Working from the entries below, give again each line from the first through the one containing "Black Rose Hair Tie", exactly and with nothing else.

Stored records
──────

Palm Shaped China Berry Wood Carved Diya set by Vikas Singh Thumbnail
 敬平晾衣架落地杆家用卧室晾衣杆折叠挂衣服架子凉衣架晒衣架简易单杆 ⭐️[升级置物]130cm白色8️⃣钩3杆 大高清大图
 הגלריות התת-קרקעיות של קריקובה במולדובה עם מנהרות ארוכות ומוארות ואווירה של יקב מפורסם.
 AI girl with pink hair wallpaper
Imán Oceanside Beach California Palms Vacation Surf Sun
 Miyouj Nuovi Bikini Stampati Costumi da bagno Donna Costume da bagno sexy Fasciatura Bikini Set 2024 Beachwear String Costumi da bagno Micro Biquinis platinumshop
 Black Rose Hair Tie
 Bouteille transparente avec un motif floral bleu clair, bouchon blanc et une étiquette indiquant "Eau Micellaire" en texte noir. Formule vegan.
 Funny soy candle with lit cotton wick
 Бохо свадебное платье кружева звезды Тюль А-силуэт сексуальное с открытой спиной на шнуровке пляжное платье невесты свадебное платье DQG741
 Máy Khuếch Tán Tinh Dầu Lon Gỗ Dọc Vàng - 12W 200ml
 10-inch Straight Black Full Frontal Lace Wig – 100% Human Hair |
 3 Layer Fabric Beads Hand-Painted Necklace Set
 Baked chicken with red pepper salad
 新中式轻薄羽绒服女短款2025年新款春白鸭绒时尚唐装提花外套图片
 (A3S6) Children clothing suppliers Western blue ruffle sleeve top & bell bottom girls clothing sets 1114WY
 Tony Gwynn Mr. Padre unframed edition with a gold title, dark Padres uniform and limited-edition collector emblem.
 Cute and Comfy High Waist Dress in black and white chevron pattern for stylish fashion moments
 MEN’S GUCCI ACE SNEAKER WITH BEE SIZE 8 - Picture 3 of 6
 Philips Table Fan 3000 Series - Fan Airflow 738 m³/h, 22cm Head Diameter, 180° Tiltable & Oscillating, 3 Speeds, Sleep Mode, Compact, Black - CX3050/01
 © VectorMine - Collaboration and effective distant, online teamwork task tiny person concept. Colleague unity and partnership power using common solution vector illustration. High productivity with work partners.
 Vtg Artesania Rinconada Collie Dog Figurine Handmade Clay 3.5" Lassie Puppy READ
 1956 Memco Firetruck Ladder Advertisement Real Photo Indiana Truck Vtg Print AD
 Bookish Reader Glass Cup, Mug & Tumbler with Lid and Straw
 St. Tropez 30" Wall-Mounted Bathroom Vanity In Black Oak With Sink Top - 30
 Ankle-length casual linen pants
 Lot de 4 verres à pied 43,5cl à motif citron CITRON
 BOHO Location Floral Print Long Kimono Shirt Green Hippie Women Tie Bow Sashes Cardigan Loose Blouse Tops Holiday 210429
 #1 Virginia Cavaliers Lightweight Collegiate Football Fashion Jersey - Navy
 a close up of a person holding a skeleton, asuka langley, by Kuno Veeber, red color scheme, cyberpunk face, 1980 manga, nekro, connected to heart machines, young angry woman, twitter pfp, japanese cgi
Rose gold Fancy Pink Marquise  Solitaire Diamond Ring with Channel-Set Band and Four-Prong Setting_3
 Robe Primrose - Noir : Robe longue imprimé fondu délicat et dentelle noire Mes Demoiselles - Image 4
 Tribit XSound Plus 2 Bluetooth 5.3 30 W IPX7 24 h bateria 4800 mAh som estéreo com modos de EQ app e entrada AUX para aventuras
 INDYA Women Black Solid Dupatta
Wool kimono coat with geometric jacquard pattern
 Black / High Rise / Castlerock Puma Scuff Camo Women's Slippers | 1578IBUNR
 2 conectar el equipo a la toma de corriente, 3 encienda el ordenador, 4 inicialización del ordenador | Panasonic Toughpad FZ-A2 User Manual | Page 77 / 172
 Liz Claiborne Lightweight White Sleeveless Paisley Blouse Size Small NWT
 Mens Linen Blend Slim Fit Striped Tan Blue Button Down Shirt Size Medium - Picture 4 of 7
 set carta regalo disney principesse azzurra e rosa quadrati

──────

== EXERCISE SOLUTION ==
Palm Shaped China Berry Wood Carved Diya set by Vikas Singh Thumbnail
 敬平晾衣架落地杆家用卧室晾衣杆折叠挂衣服架子凉衣架晒衣架简易单杆 ⭐️[升级置物]130cm白色8️⃣钩3杆 大高清大图
 הגלריות התת-קרקעיות של קריקובה במולדובה עם מנהרות ארוכות ומוארות ואווירה של יקב מפורסם.
 AI girl with pink hair wallpaper
Imán Oceanside Beach California Palms Vacation Surf Sun
 Miyouj Nuovi Bikini Stampati Costumi da bagno Donna Costume da bagno sexy Fasciatura Bikini Set 2024 Beachwear String Costumi da bagno Micro Biquinis platinumshop
 Black Rose Hair Tie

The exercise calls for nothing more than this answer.